Role: Security Engineer
Reporting to: Senior Director Cybersecurity
Our goal at Pivotree is to help accelerate the future of frictionless commerce. We will help lead this change over the next decade because we believe a future where technology is embedded intimately into all aspects of our everyday lives can benefit everyone and will shape the interactions with the brands we love. We will help shape the future of frictionless commerce by working together with some of the best brands in the world and some of the best people in the industry to leverage converging technologies that will make it possible to accelerate frictionless commerce faster than ever.
Pivotree provides services focused on the design, implementation, management, and maintenance of complex ecommerce solutions for large enterprises. We provide the technical skills necessary to enable the effective use of technologies combined with the business context to leverage a solution to solve our clients' business challenges. We strive to fill the gaps in available technology with our own IP to reduce the barriers to adoption.
We enable inclusive, immersive and highly personalized experiences for our clients and their customers. We build our products with a view to productizing and scaling technology to lower the costs and reduce the risks of implementing and managing our integrated solutions. Each of our solutions starts with reliable and reputable e-commerce and MDM platforms, which run on enterprise grade infrastructure that are customized to meet a variety of client needs, situations, and budgets. Over the next 10 years we will add new categories and capabilities that will define frictionless commerce ecosystems.
This is a journey of technology acceleration combined with consumer readiness and adoption. We are looking for people capable of adapting relentlessly to the rapidly evolving world around us.
We are looking for a Cyber Security Engineer to join our team of professional consultants in Cyber Security Analysis, Engineering and Architecture. This is a full-time position based in Toronto but offered Globally. Pivotree offers competitive compensation, flexible hours, and work from home.
The Cyber Security Engineer will act as an Information Security subject-matter expert and advisor, assigned to work on various projects with our customers, to ensure that information security best practices are followed throughout the lifecycle. She/he will also act as a link between the project teams, business stakeholders and technical teams such as SOC, Compliance, Threat Intelligence, Vulnerability and Risk Management, Systems and Network Engineering, Software Development, 3rd Party Vendors/Suppliers, etc. The ideal candidate possesses a broad knowledge of information systems security and strong skills in networking, programming, and system administration. She/he could have a background in many domains of IT, but a strong ability and interest in learning and championing cyber security.
Roles & Responsibilities:
- Determine security scope for all assigned projects.
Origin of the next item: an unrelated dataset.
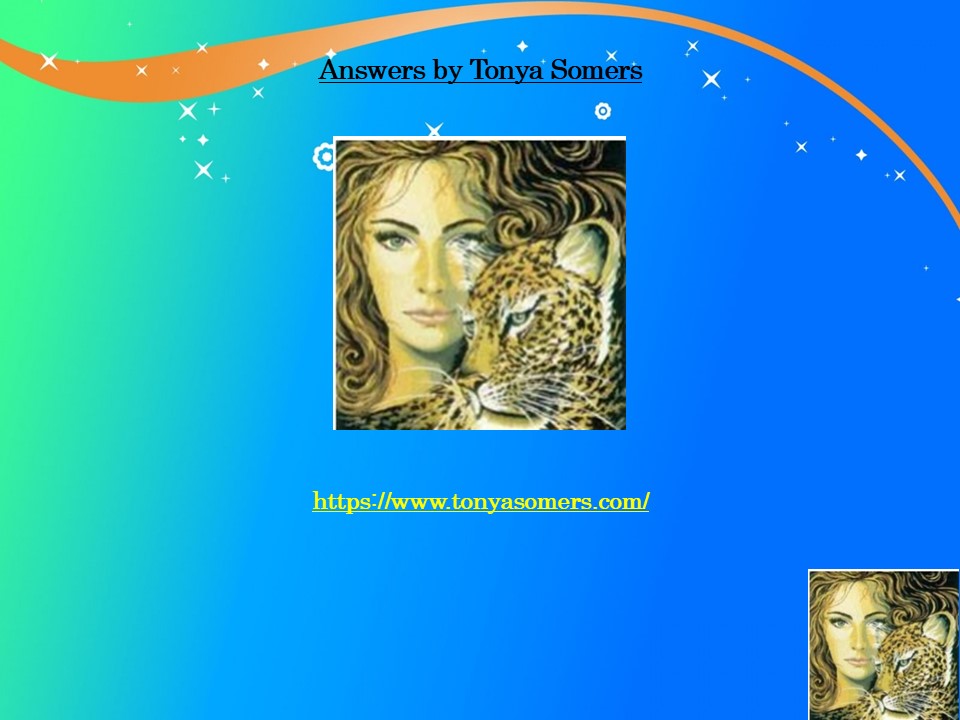 Twin Soul Mates Love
- Provide functional and non-functional security requirements and associated Security Test Cases
- Perform security assessments.
- Produce threat models.
- Ensure that security design principles are followed throughout the project's Lifecycle.
- Review operational readiness prior to go-live.
- Help with security risk management activities.
- Follow Security Policies, Standards, Procedures and Guidelines, Legal and Regulatory Compliances.
Key Skills and Competencies:
- 5+ years of experience in IT or networking, including at least 3+ years with primary focus in Cyber Security.
- Technical security-related expertise in at least one of the following areas:
- Web application security threats, exploits and prevention (SQLi, XSS, CSRF, privilege escalation, and business logic flaws, etc.)
- Applied cryptography and common attacks against modern cryptographic algorithms (encryption at rest, TLS, hashing, etc.)
- Software architecture and development lifecycle
- Securing infrastructure in public clouds (AWS, Azure, GCP, etc.)
- Database and Big data solutions
- Bachelor's degree or equivalent
- Ability to plan, organize and prioritize tasks to complete within established time frames.
- Ability to work independently without direct supervision, self-motivated, meets tight deadlines.
- Ability to learn and adapt to new or evolving technologies.
- Possessing technical security certifications or a well-recognized security professional, auditor or manager certification such as the CISSP, the CISA or the CISM is a strong asset.
- In-depth knowledge of security best practices in large-scale environments
- Strong written and verbal communication skills is a must-have
- META: SIEM, SOAR, UEBA, IAM, EPP, DDoS, WAF, CTI, DAST, APT, ATT&CK, CIS, AI, BAS, ASV
Pivotree is an equal opportunity employer. We celebrate diversity and are committed to creating an inclusive and accessible workplace.